[WHAT YOU WILL DO]
Copy out the entire listing below exactly, but without its pictures.

[DATA PROVIDED]
·····

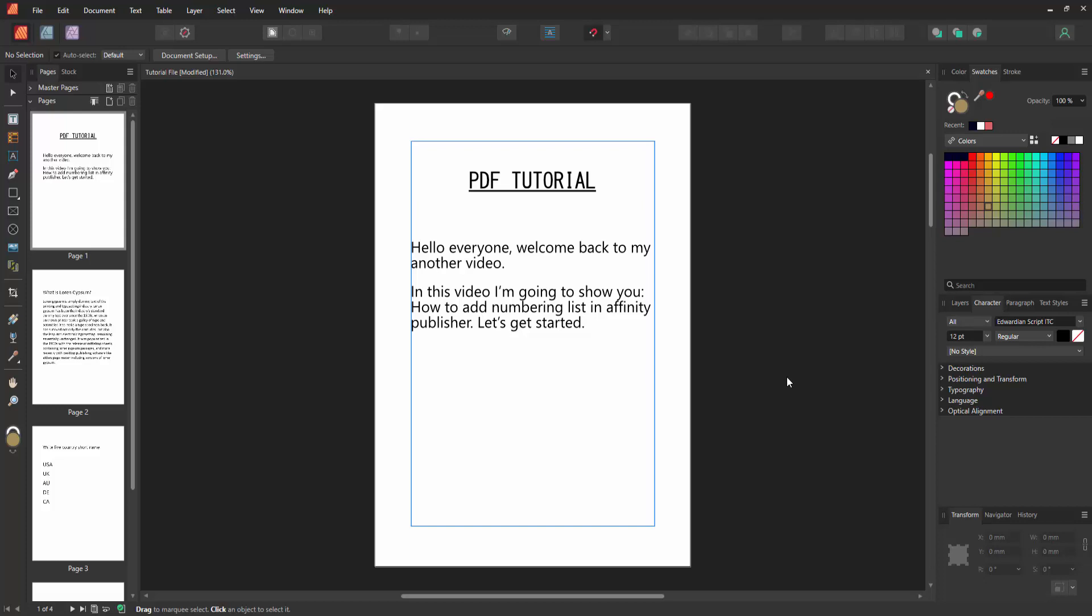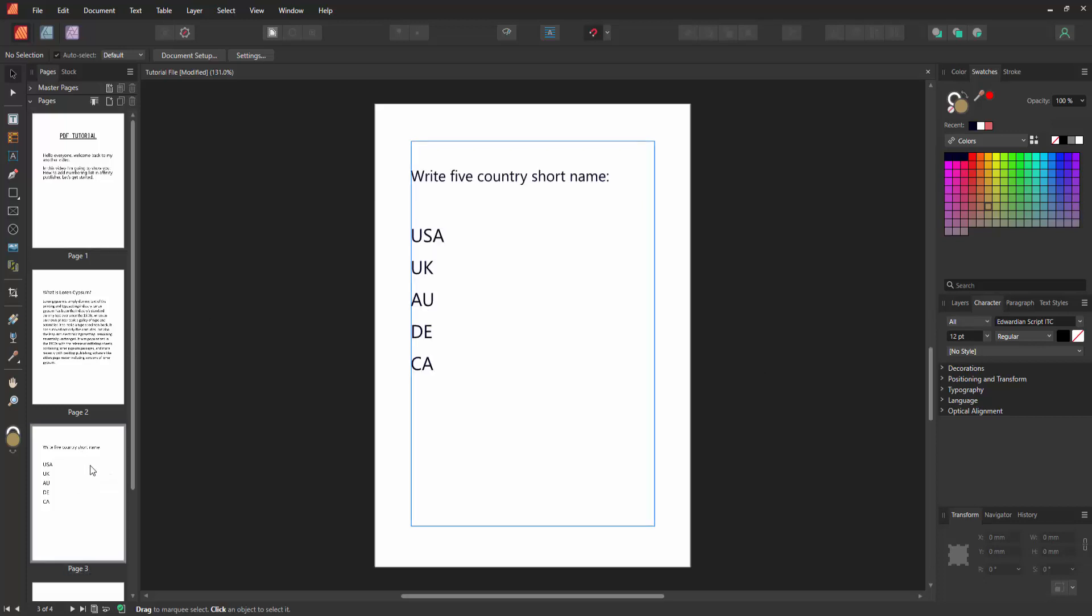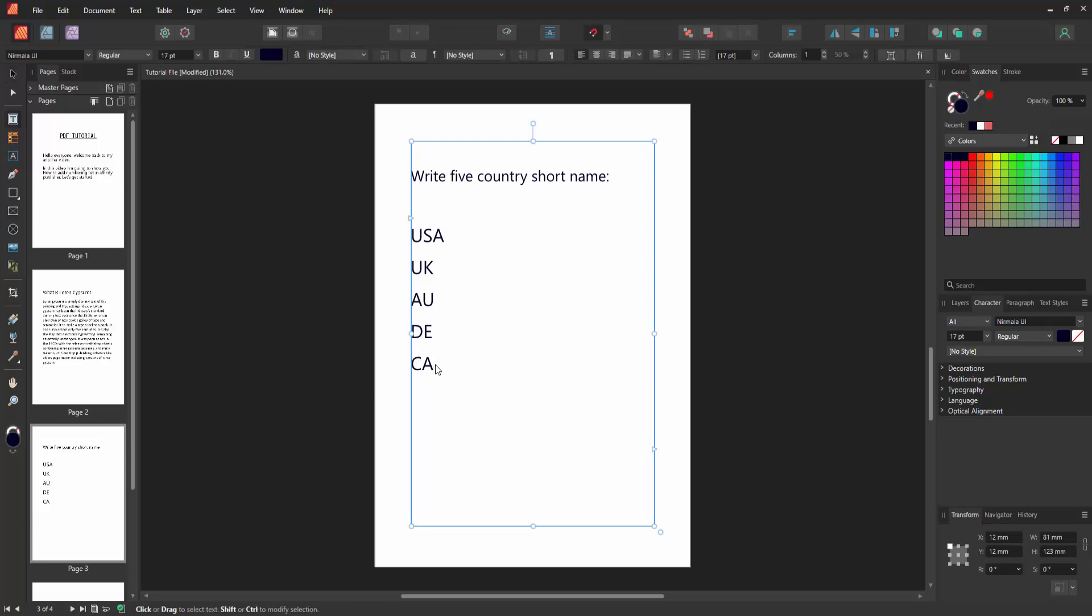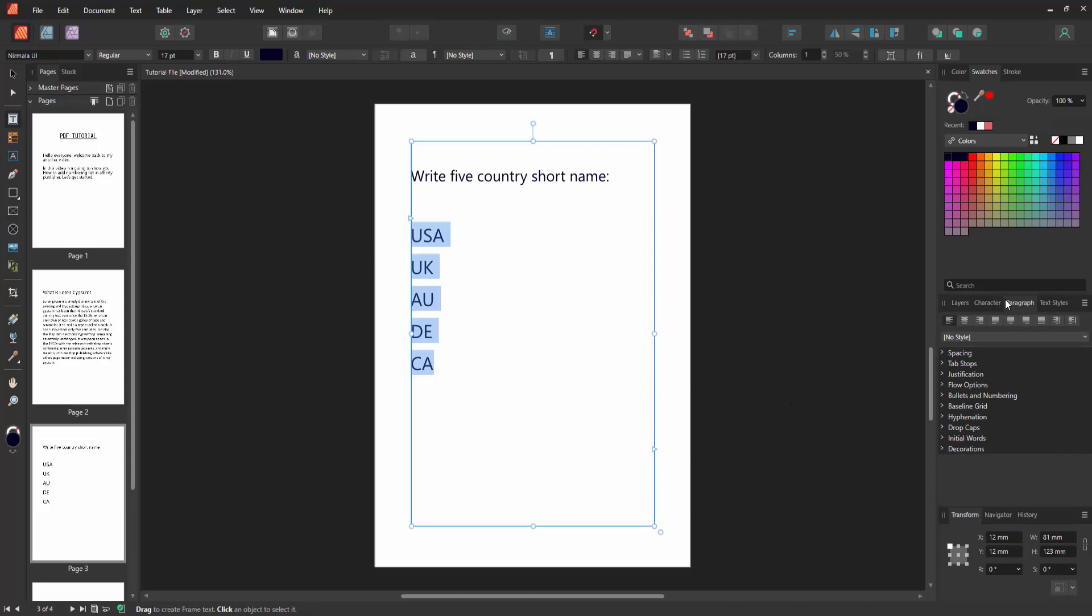Now we want to add a numbering list in this Publisher document. Go to the page, then we can see some text here. Click and drag your mouse to select the text, then go to the paragraphs option.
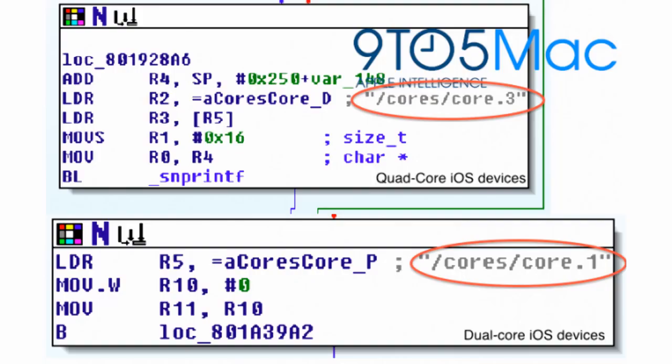Of course, with that many pixels to push, the iPad 3 is going to need a lot of horsepower, and this should be supplied by the Apple A6 processor. Based on the iOS 5.1 beta, it looks like the iPad 3 will have a quad-core CPU, which should give it plenty of power. Quad-core CPUs are coming in several other phones and tablets — with the Tegra 3 already shipping in the Asus Transformer Prime — so this really isn't a big surprise.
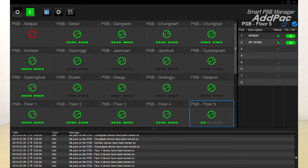Overall PSB power on and off, as well as individual PSB power on and off, can be controlled using Smart PSB management software. It is highly convenient for large-scale PSB device remote control and management.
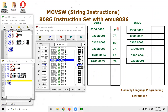Assalamu alaikum everyone. In this video tutorial I'm going to talk about MOVSW, or Move String Word, which is part of the string instructions in the 8086 instruction set. In this series we are implementing each instruction of the 8086 instruction set in the emu8086 environment. Right now in this tutorial we are going to talk about the MOVSW or Move String Word instruction.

·····

[RESPONSE TO THE EXERCISE]
Now we want to add a numbering list in this Publisher document. Go to the page, then we can see some text here. Click and drag your mouse to select the text, then go to the paragraphs option.
Of course, with that many pixels to push, the iPad 3 is going to need a lot of horsepower, and this should be supplied by the Apple A6 processor. Based on the iOS 5.1 beta, it looks like the iPad 3 will have a quad-core CPU, which should give it plenty of power. Quad-core CPUs are coming in several other phones and tablets — with the Tegra 3 already shipping in the Asus Transformer Prime — so this really isn't a big surprise.
Overall PSB power on and off, as well as individual PSB power on and off, can be controlled using Smart PSB management software. It is highly convenient for large-scale PSB device remote control and management.
Assalamu alaikum everyone. In this video tutorial I'm going to talk about MOVSW, or Move String Word, which is part of the string instructions in the 8086 instruction set. In this series we are implementing each instruction of the 8086 instruction set in the emu8086 environment. Right now in this tutorial we are going to talk about the MOVSW or Move String Word instruction.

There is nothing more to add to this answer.